Vamos al “Jewish Museum” donde tiene lugar una exhibición, “Leonard Cohen: A Crack In Everything”, dedicada al cantante canadiense basada, principalmente, en vídeos y entrevistas, con su música, su vida, etc. Las salas con como pequeñas capillas, en la catedral del recuerdo, oscuras, con cojines y asientos para que los fieles se postren a adorar a su dios que aparece, como un mesías, en una enorme pantalla que llena las paredes.
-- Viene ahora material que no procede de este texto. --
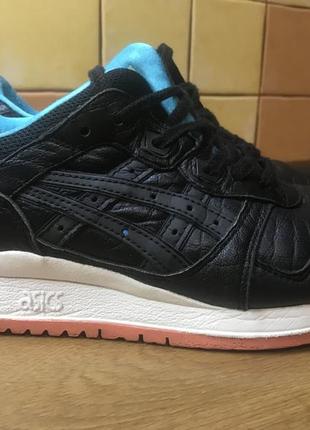 Кросівки жіночі  шкіряні asics кожа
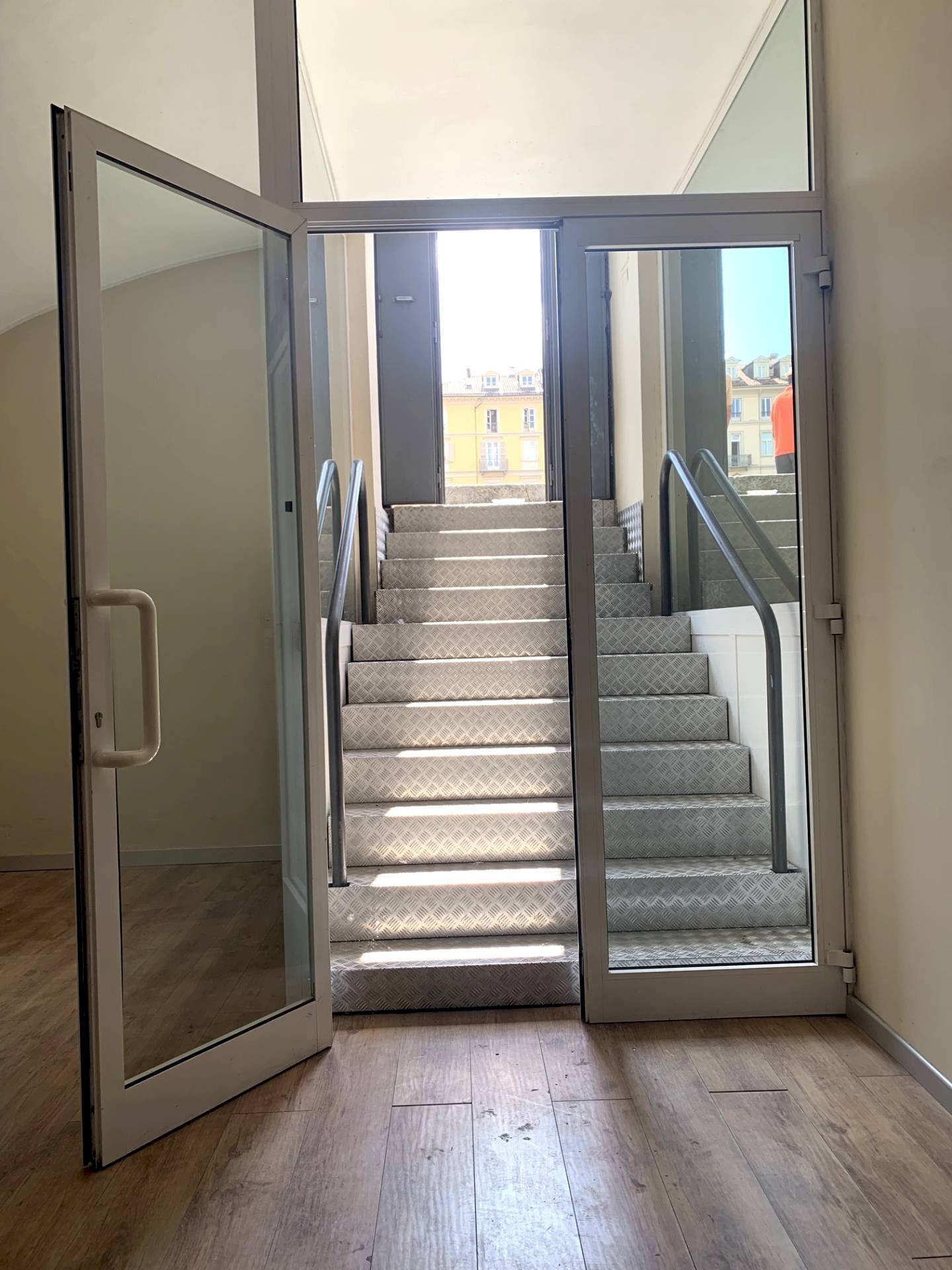 Foto 4 - Locale Commerciale Piazza Solferino
 
14, Torino - foto 3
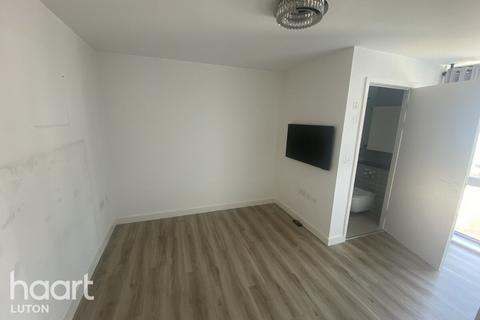 undefined, Kimpton Road, Luton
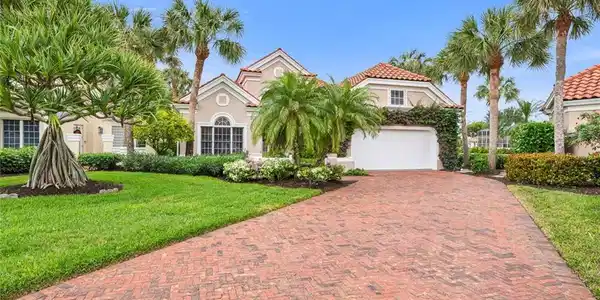 26200 Siena DR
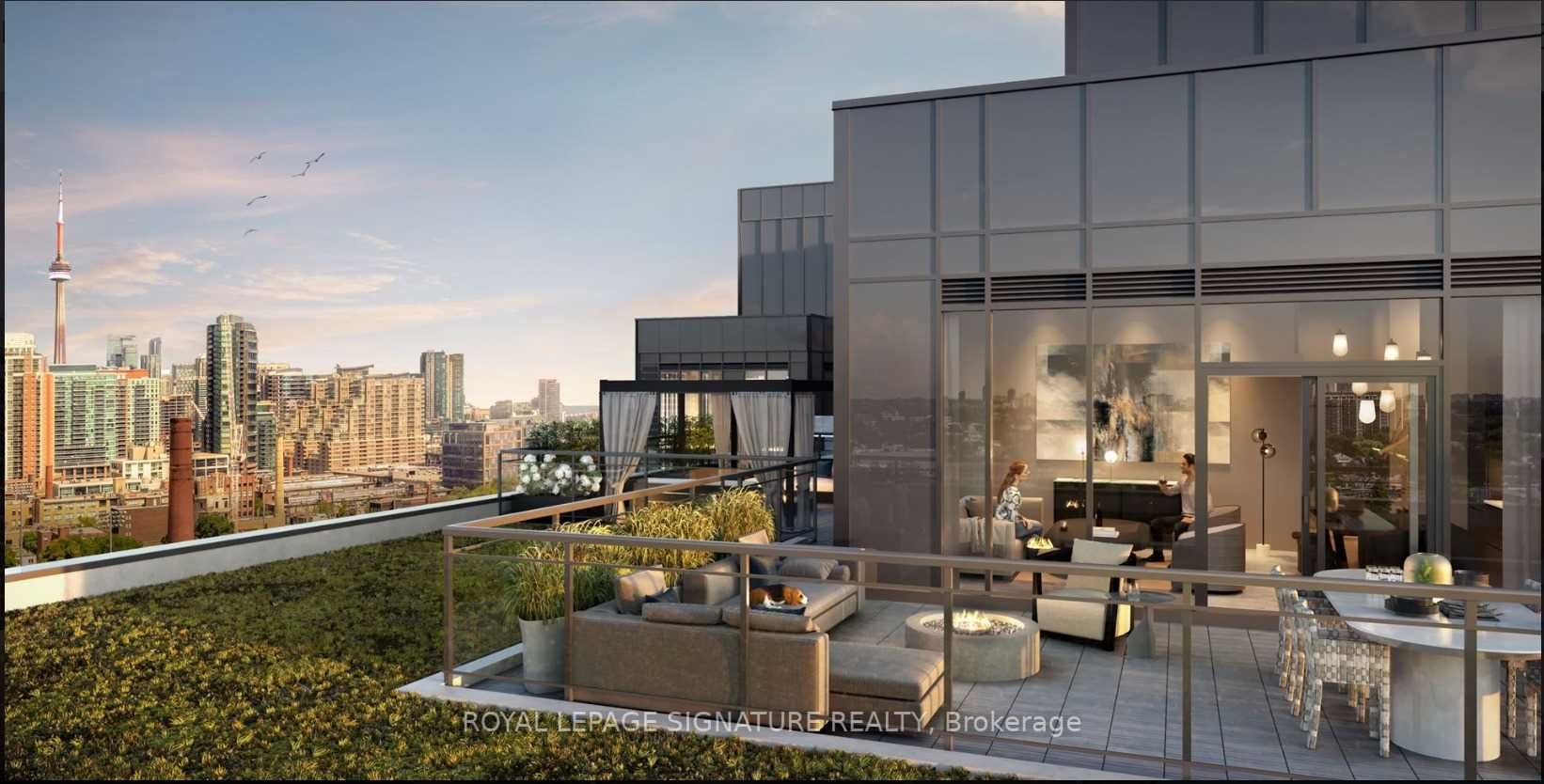 1221 King St W, #428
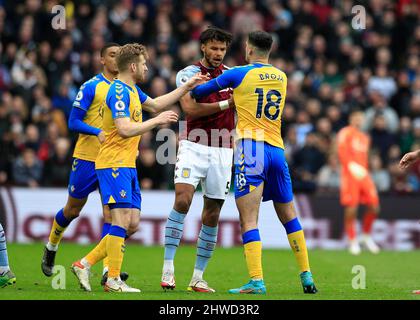 Birmingham, Großbritannien. 5.. März 2022 ; Villa Park, Birmingham, Midlands, England; Premier League Football, Aston Villa gegen Southampton; Armando Broja von Southampton schiebt Tyrone Mings von Aston Villa Kredit: Action Plus Sports Images/Alamy Live News Stockfoto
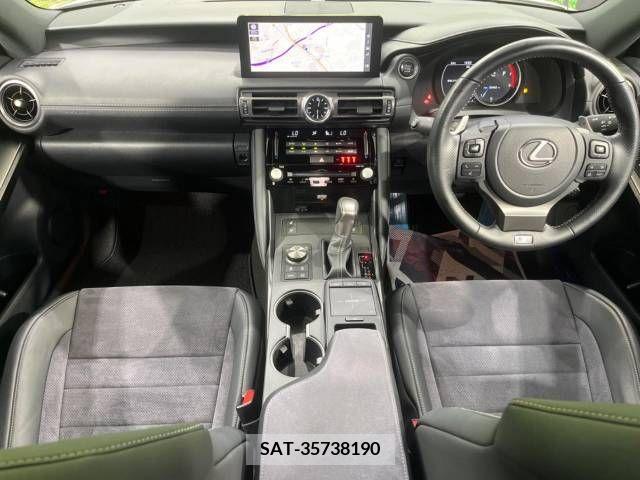 Lexus IS 2022-08 362797-1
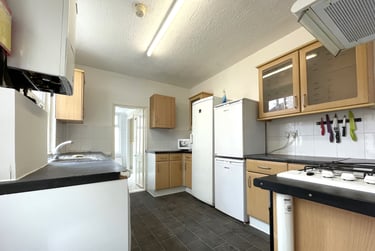 6 bed house, St Andrews Road, University of Portsmouth, Portsmouth, PO51EX - Image 3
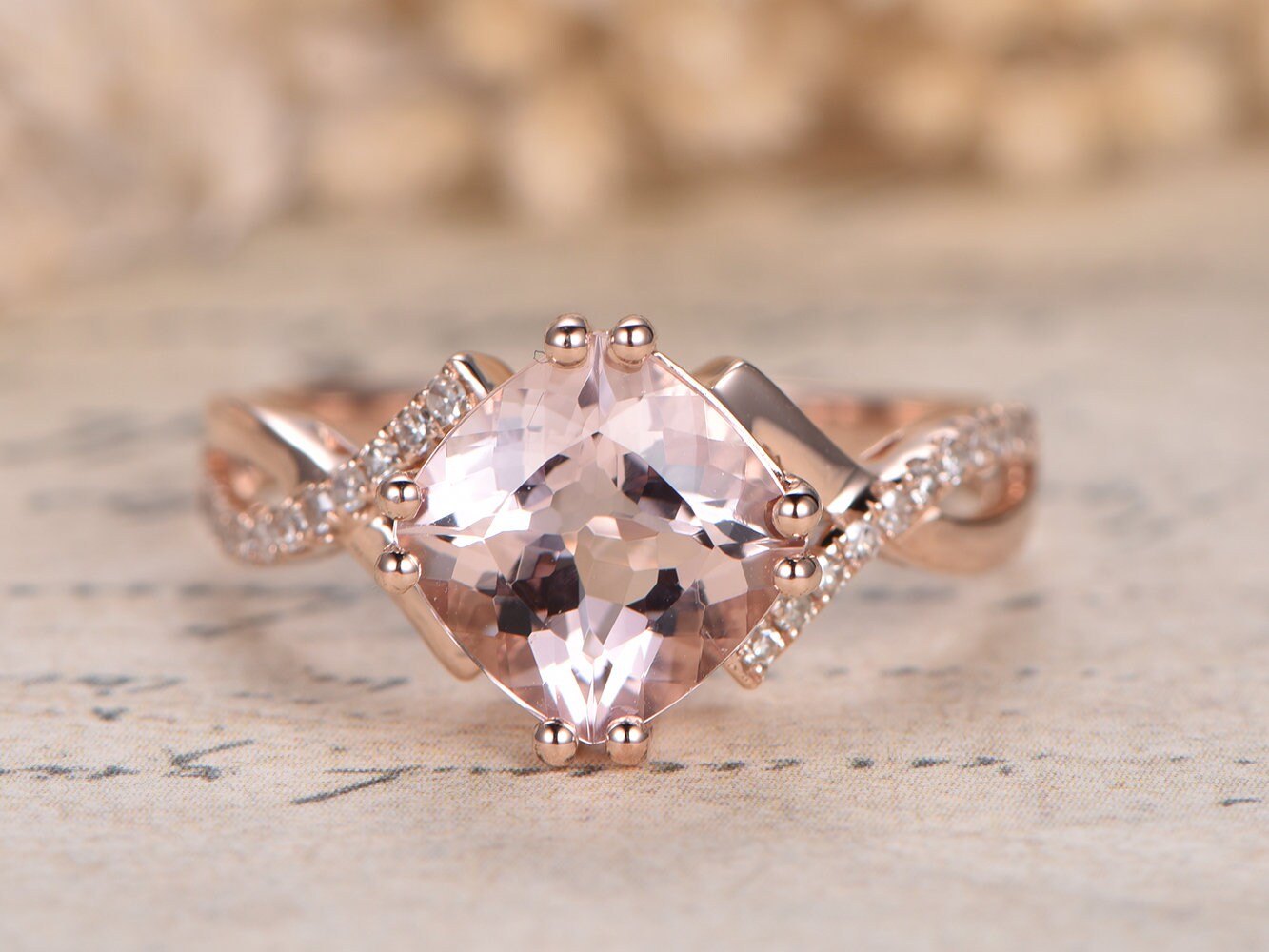 8mm-cushion-cut-morganite-engagement-ring-14k-rose-gold-diamond-twist-band-split-shank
Todos bisbiseamos, como si estuviéramos rezando, algunos parecen extasiados, otros sonríen con esa sonrisa que dan la añoranza y la melancolía, algunas devotas, ahora viejas y arrugadas, en otro tiempo jóvenes bellísimas, “rojas”, rompedoras, iconoclasta, el sexo como bandera de liberación, lloran mientras tararean, apoyadas en el hombro del marido o de la compañera, las canciones del Maestro que fueron su santo y seña, sus himnos en una época donde el mundo ardía con lo hippie, el mayo francés, las drogas, la minifalda, el sexo, los Beatles, la guerra de Vietnam…
La exhibición no enseña nada personal del Maestro, solo su música y su palabra, pero no hace falta, todos los que estábamos allí, viejos cansados, con dolores de espalda, sordos, arrugados, almas en pena sostenidos por el pasado, de vuelta de la vida, blancos y “cultos”, llevamos dentro de nosotros el mundo del Maestro.
Visitar la exposición es sobre todo, entrar en un mundo en blanco y negro y en un color borroso y lejano, es sumergirse en un mar donde la nostalgia aprieta, pero no ahoga, donde el tiempo pasado fue mejor, donde la magia de la música nos hace a todos volver a ser jóvenes y momentáneamente felices. Los que iban en sillas de ruedas, los que llevaban camisas floreadas (pasadas de moda), los de mirada borrosa, los que fueron fuego y belleza, cuerpos en flor, las frágiles sombras de juventud ajada, perfumadas de melancolía, pechos vencidos y pupilas turbias, todos, al cantar con el Maestro “Suzanne Takes You Down” o “Aleluia” nos sentimos libres de dolores y de vejez. Nunca hubiéramos podido imaginar que perderíamos la juventud y también la revolución, pero eso sí, sabíamos que nos quedaría la música.